→ RECORDED DATA
.....

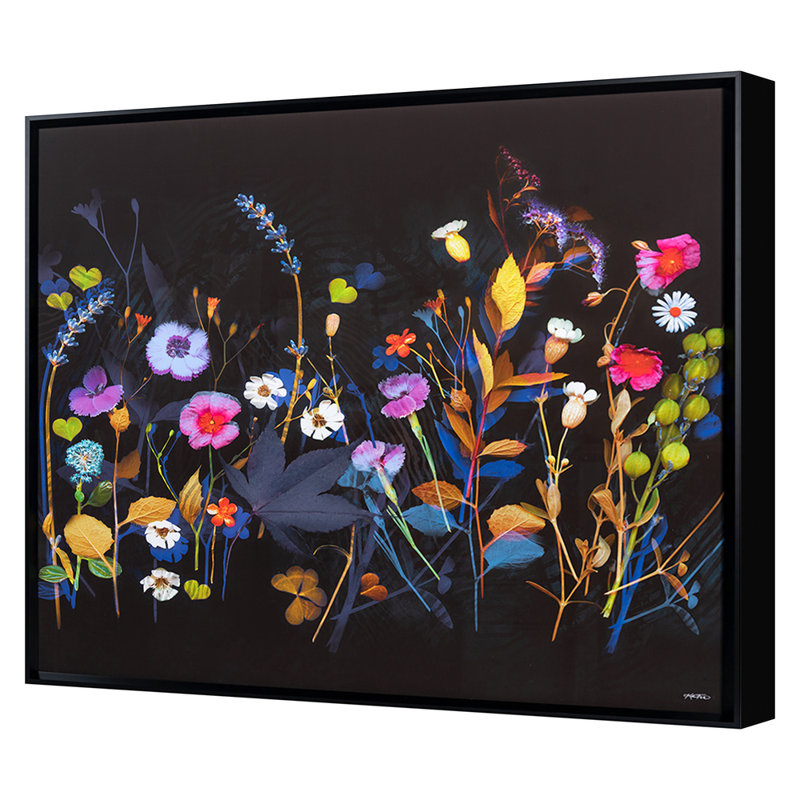 Wildflower Collection 1 Print by Todaro, Katie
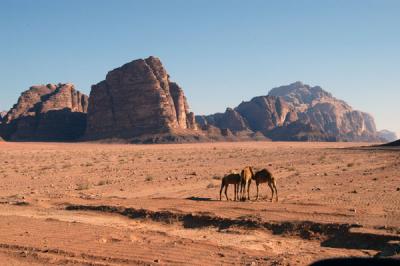 Camels, Wadi Rum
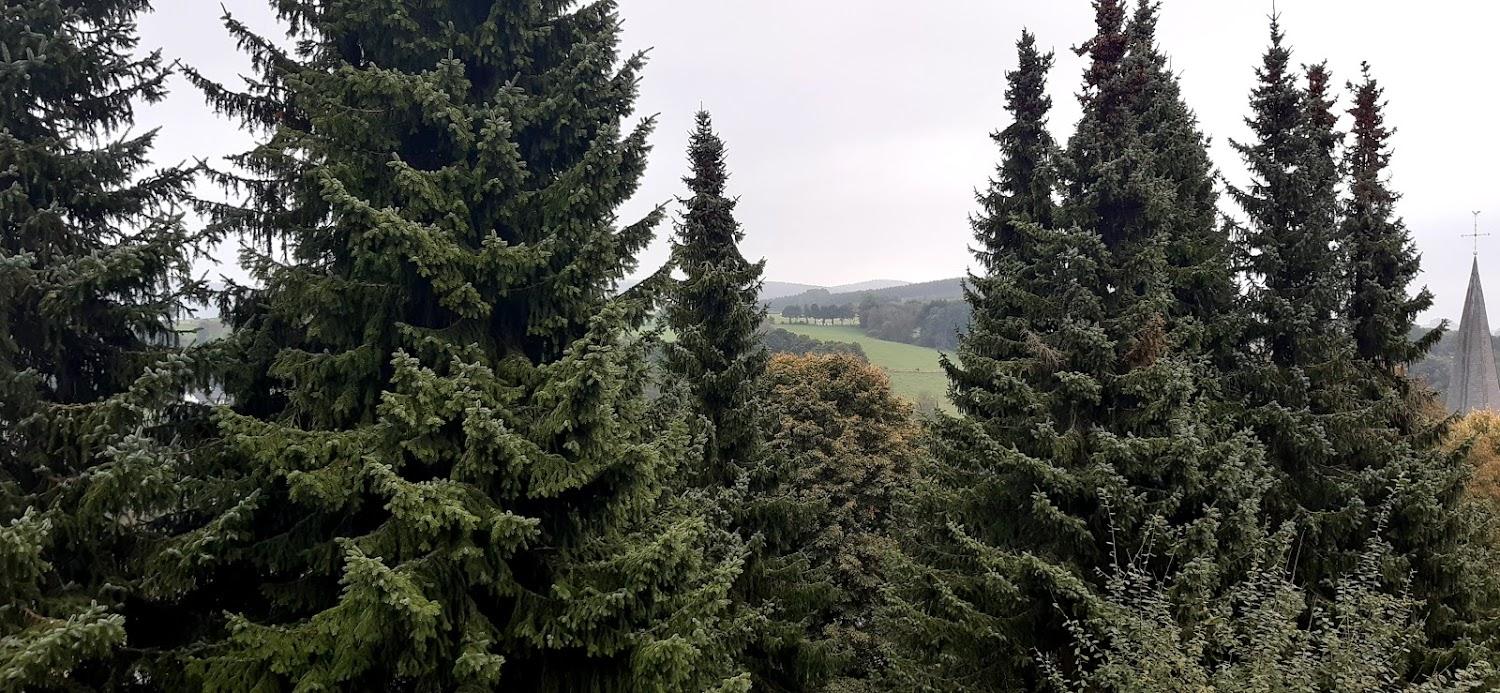 Cover Image for Gästehaus Winterberg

.....

Return all of the material precisely as written. No picture belongs in it.

→ EXPECTED ANSWER
 Wildflower Collection 1 Print by Todaro, Katie
 Camels, Wadi Rum
 Cover Image for Gästehaus Winterberg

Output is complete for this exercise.